初絵が死んで不正に年金を受け取る信代には悪びれた様子は微塵もない。
「お婆ちゃんの年金だから悪くないね」って!おい!
風俗店で働く信代の妹という事になっている亜紀も問題を抱えていて唯一お婆ちゃんと愛情で繋がっていると思いきや初枝にとっては〝慰謝料の元〟だった事も分かってくる。
祥太も治と信代の子供ではないと分かった時鳥肌が立った。
そして次第に治から教わってきた事が悪い事なんだと気付いていく祥太。
劇中で出てくる「スイミー」はレオ・レオニ原作の絵本で小学校低学年の国語の教科書に載っている。
学校に行っていない祥太が何故教科書を持っているのか分からないが治に「スイミーって知ってる?」と祥太が聞いた時治は申し訳なさそうに間を置いて「英語は分からないんだ。」と答えるシーン、子供がいないから絵本を読んであげたことも絵本そのものに興味もなく〝スイミー〟という言葉を英語だと思っている治をリリーさんが絶妙な表情と間で演じていた。
恐らく行っていても中卒で勉強に縁のない子供時代を送っていたか、あるいは自分も祥太と同じ境遇かを想像させる。
「そして父になる」の電気屋の子供好きな子供のまま大人になった父親像とも被るが被るのはそこだけ。
治はいつも笑顔だけど腹黒い。
こんな役リリーさんにしか出来ないね。


信代も初枝もあの二人にしか演じられず他の女優では想像出来ない。
初枝は淋しいから家族を作ってみたけど「誰にも知られずに死ぬのは嫌だから保険に入った」とか亜紀の家族に近くに来たからと自分を捨てた夫への慰謝料として命日には必ず訪問するあたりなかなかしたたかな婆さまだ。
希林さんは役ではなくテレビで拝見する時はなかなかお洒落な服装で素敵なんだけど今回は入れ歯も外して挑んだそうで完璧に初枝そのものでこの役にかける意気込みを感じた。
希林さんは「海よりもまだ深く」が素晴らしくて彼女の今迄の作品で私の一番なんだけど今作は老いと貧困と死んだ夫への恨みで生きている裏の顔を持つ初枝をねちっこく演じていて今作も忘れられない一本となった。
亜紀はどうやってあの家に連れてこられたのかな。
勝手な想像だけど亜紀は家出をして風俗に初めから行っていて治に頼んで亜紀を探し出し夫を盗んだ女の息子一家への復讐をしていた筈が亜紀が思いの外自分を慕ってくれて治や信代とは違って腹黒くなくて段々可愛くなってきて本当の子供?孫?の様に可愛がっていたのではないかな。
でも初枝は命日には〝慰謝料〟を貰いに行く事は忘れず愛憎入り混じった複雑な感情を持っていたかもしれない。

信代を演じた安藤サクラもやっぱり凄いね。
松岡依都美演じるクリーニング屋の同僚とのやりとりやゆりとお風呂に入って親の虐待で同じ火傷の傷を見せ合って話す所や縁側でゆりの服を燃やしながら「本当に好きならこうやってぎゅーっとするんだよ」と少し泣きながら話す所など思い出しても泣ける。
ただ信代がクビになって下着姿で治と素麺を食べるシーンは色っぽくてなかなか素敵なラブシーンで良かったのだけどあの後の裸のシーンはいらなかったのではと思ってしまった。
上からでごめんなさい。
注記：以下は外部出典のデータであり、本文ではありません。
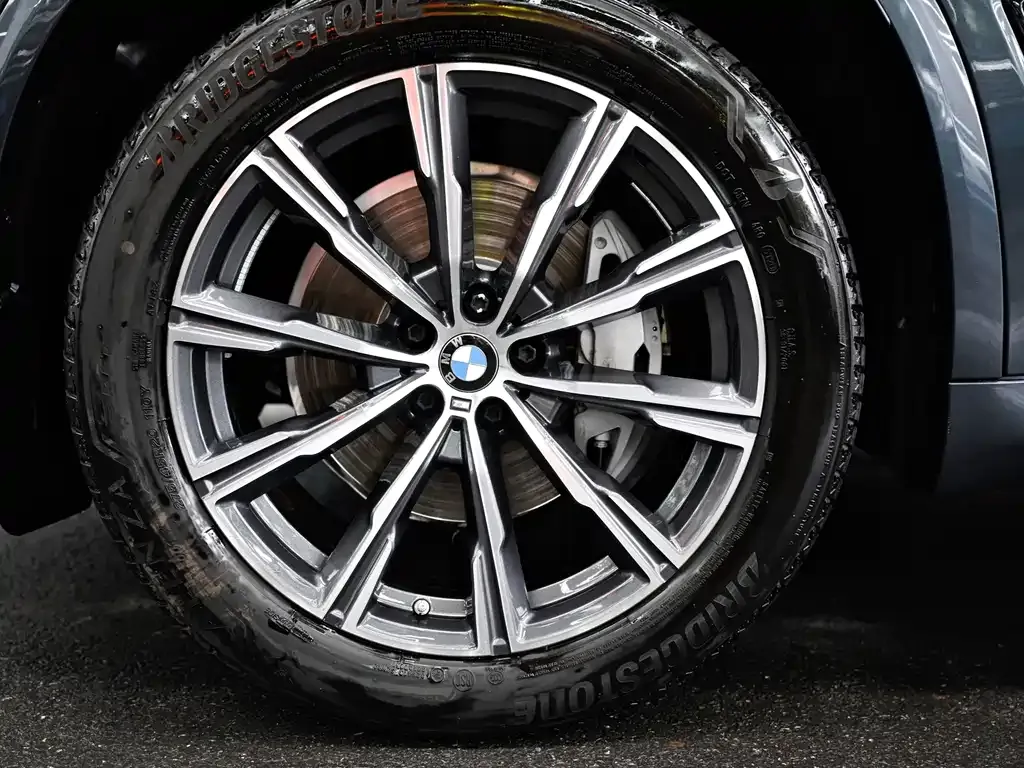 BMW X5 (Import) — фото 4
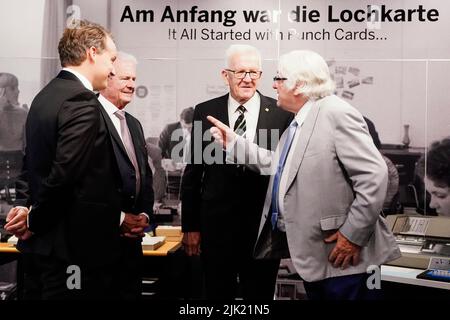 Mannheim, Germania. 29th luglio 2022. Christian Klein (l-r), CEO della società di software SAP, co-fondatore di SAP Dietmar Hopp, Winfried Kretschmann (Bündnis 90/Die Grünen), primo ministro del Baden-Württemberg, E Hasso Plattner, Presidente del Consiglio di sorveglianza di SAP se, si sono levati in una mostra storica della società nella SAP Arena durante una cerimonia che celebra il 50th anniversario della società software SAP. Credit: Uwe Anspach/dpa/Alamy Live News Foto Stock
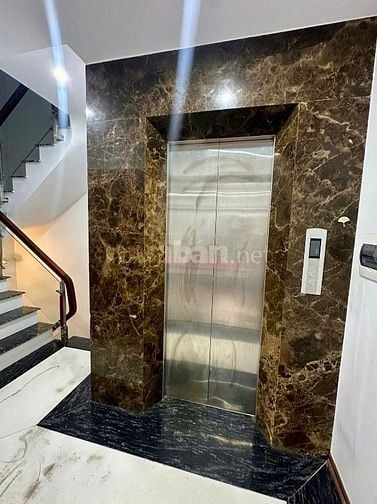 Bán nhà phân lô ngõ 230 Lạc Trung 78m2*8T,oto tránh,MT:5.4m,KD,29.8tỷ.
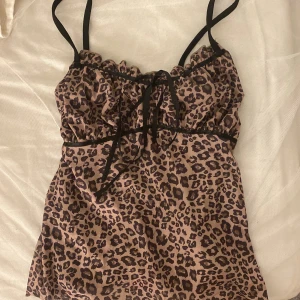 2000s topp - söt leopard topp, aldrig använd säljer på grund att den inte är min stil❣️köpt secondhand.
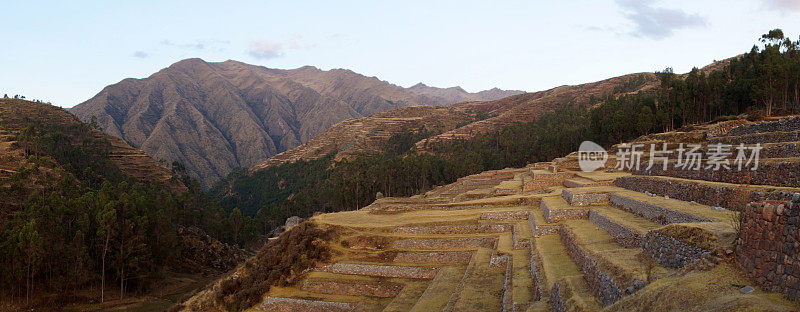 景物和群山的全景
<(_ _)>
信代の過去を想像させられるが捕まってからの池脇千鶴との取り調べで涙を見せない様に必死に拭う様子に一瞬にして涙腺が崩壊した。
これがケイト・ブランシェットが凄い!と褒めていたシーンか。
頑なに自分一人でやったと治を庇い続けるのはあんな過去があったからなんだ。
治に借りがあったんだなぁ。
二人は思っていた以上に心の底で繋がっていたんだ。
収監されて治と祥太が面会に来た時真っ直ぐに祥太を見つめて真実を話すシーンもグッと来た。
実生活で出産していた事を知らなかったがやっぱり前よりハクが付いた感じがした。
男の様にサバサバしていたり突然色っぽい目付きでじっと見たりそうかと思えば少女の様に儚げに泣く。
これからどんな女優になるのだろうと期待している。


ラスト、治と祥太が釣りをしている。
あんな事があった後なのに二人はあの釣り竿で釣りをしていてやや小綺麗な格好の祥太が気になった。
あれ、この後に信代に会いに行くんだっけ?
前後していたらごめんなさい。
雪が降りしきる中二人は並んで帰って来て昔の様にカップラーメンにコロッケを入れて食べている。
積もった雪で雪だるまを作る二人は楽しそうで本当の親子の様だ。
泊まる事になって祥太がどうしても聞きたかった事を治に聞く。
自分を置いて皆で逃げたと刑事に聞いた事が本当だったと知るが祥太も治に告白する。
「僕、捕まりたかったんだ」

祥太は大人になっていた。
次の日バスを追いかける治の方を振り向かなかったのは僕をこんな目に合わせてという憎しみもあったかもしれない。
でも我慢できずに振り向く。
「お父さん」
初めて治を〝お父さん〟と聞き取れない程の小さい呟き声で言う祥太の心の中は治への感謝で一杯だった筈だ。
「僕を今迄育ててくれてありがとう」
私にはそう聞こえた。


ゆりがベランダ(もしかしたら玄関前?)で一人で遊んでいる。
盗んだスーパーボールかラムネのガラス玉か分からないがあの家族から教えられた数え歌を歌いながら遊んでいる。
踏み台を登って外を見てハッとするゆりのアップで終わったがあれはあの家族の誰かが会いに来たのではないかと思った。
遠くに想いを馳せる顔ではなかったと思う。
今度迎えに来たらゆりは自ら望んでついて行ってしまうだろう。
血の繋がった家族は自分を愛し必要としてない事が分かってしまった。
あの家族に愛された時間は短かったけど確かにそこには深い愛があったから。


子供を誘拐したのではないかもしれない。
捨てられていたから拾った。
ただそれだけだったのかもしれない。
パチンコ屋の駐車場で車の中に放置された祥太も親から暴力を振るわれて寒い夜にベランダに出されていたゆりもそんな事が続けばいつか死んでしまったかもしれない。
治や信代のやった事は悪い事だけど二人を責められないと思った。
虐待死から二人を救ったとも言えるし観終わって私は訳が分からなくなった。
私が見えている何が悪で何が善なのか、本当に分からなくなってしまった。
凄い問題提起だ。
虐待死事件や不正年金受給が報道される度に今作を思い出すだろう。
血の繋がりだけでは家族とは言えないのかもしれない。
子供が健やかに成長する事を一番に考えなくてはいけないのではないか。
家族とは何か。
監督から直球で投げられた問いを暫く咀嚼しようと思う。